Selain itu tata rias rambut pengantin wanita disanggul berbentuk bokor tengkurep  terletak di bagian kepala. Di tengah sanggulan dipasang dapros yaitu untaian bunga melati membentuk harnet yang disebut harnet melati. Model tata rias rambut pengantin wanita berfungsi praktis, simbolis, dan juga estetika. (Abdulhadi, Dra, Hidayat, & Mulyati, 1996)
Tubuh bagian atas pengantin pria dan wanita menggunakan busana yang bernama trate. Busana ini dinamakan trate karena menyerupai kelopak bunga teratai. Terbuat dari kain beludru berwarna hijau dan diberikan motif bunga labu. Trate yang digunakan oleh pengantin memiliki fungsi estetis dan praktis untuk mempercantik penampilan. Serta memiliki makna kesucian hati yang berarti seorang istri yang mencintai suami dengan sepenuh hati dan juga sebaliknya.

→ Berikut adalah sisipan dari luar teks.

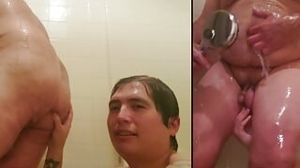Latino parent Showers with his man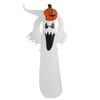 1.8m Halloween Inflatables Pumpkin Head White Ghost Inflatable Pumpkin Blow Up Ghost with LED for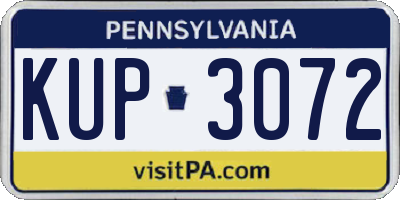 PA license plate KUP3072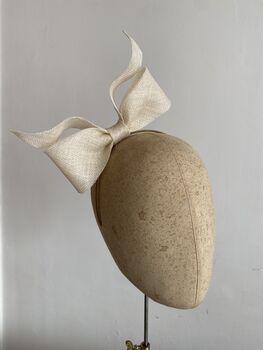 Sculptural Ivory Bow Fascinator 'Ava', 5 of 9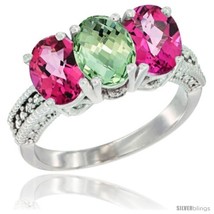 Size 5.5 - 14K White Gold Natural Green Amethyst &amp; Pink Topaz Sides Ring  - £572.92 GBP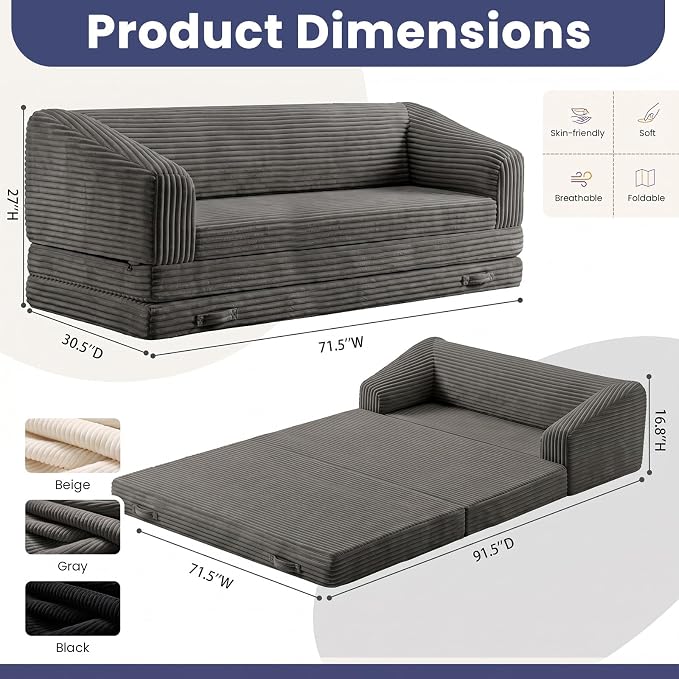 JUIKURY Convertible Sofa Bed, 3-in-1 Foldable Loveseat Couch with Armrest, Corduroy Floor Sofa & Sleeper Bed, No Assembly High-Density Foam Futon Mattress for Living Room, Small Apartment, Dorm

Untuk busana bagian bawah pengantin wanita menggunakan kain dengan motif Singa Barong. Satu helai kain dilipat-lipat sebanyak lima lipatan, lalu dijepit sehingga membentuk seperti kipas. Lembar kain yang lain dibentuk dodot Cirebonan. Kedua ujung kanan dan kiri kain dikerut ke atas, yang akan membentuk seperti buah labu. Dodot digunakan pada bagian pinggang hingga di bawah lutut. Busana ini memiliki fungsi estetis dan mengandung simbolis, yang berarti dengan menjalani kehidupan rumah tangga berarti mereka telah memasuki tahap kesempurnaan hidup, yaitu sepenuhnya menjadi anggota masyarakat.
Sedangkan busana bagian bawah pengantin pria menggunakan celana panjang dengan kain buludru hijau. Bagian pinggir bawah celana dihias dengan sulaman benang gim warna kuning emas yang bermotif bunga labu. Lalu celana Panjang tersebut dilapisi oleh dodot Cirebonan yang bermotif Singa Barong. Untuk alas kaki, pengantin wanita menggunakan selop berhak tinggi dari bahan buludru hijau yang disulam dengan benang gim warna kuning emas bermotif bunga tanjung dan bunga labu. Untuk pengantin pria sama dengan wanita namun yang membedakan pengantin pria menggunakan selop berhak pendek. Warna hijau pada alas kaki berfungsi simbolis yang memiliki makna kesuburan dan kebesaran, dimana kehidupan rumah tangganya berlimpah rejeki.